For those of you who are complaining about Jack Frost being on our doorsteps – bite your tongue. This time last year Gannon waived the white flag and canceled classes.
Temperatures were record setting last year on Feb. 19-20 reaching as low as minus 17 degrees Fahrenheit with wind gusts of 32 mph on the 19th and minus 18 degrees Fahrenheit with wind gusts of 28 mph on the 20th.
The overall health and safety of the students, faculty and staff was considered in the school’s decision last year, and we were very shocked and pleased that they finally caved and let us stay warm.
It’s funny, really. In high school snow days were a regular occurrence for most and then when you arrive at college the words snow day are almost like the name Voldemort – they should never be spoken.
Maybe it is because of the way Gannon has formatted its schedule and doesn’t want to have classes be missed, but the line for whether or not classes should be canceled is questionably placed.

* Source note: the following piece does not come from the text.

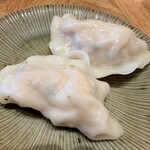 餃子といえば芭莉龍 - エビ水餃子　2個330円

We understand that sometimes it isn’t very cold outside so students should be OK walking to class and the faculty and staff should be OK getting to work, but it isn’t always just the temperatures. Erie gets a lot of snow and the weather can change drastically in just one day.
It was snowing all Tuesday morning and then Tuesday afternoon it was raining and then started to get colder again. Maybe the temperature wasn’t very low overall, but the walking condition of the sidewalks and the driving condition of the roads were not all that safe.
Not everyone in Erie shovels their sidewalks, and the roads do not get plowed very quickly. The line at which classes get canceled due to weather should be raised. It is more important that the students, faculty and staff arrive to campus safely rather than not at all.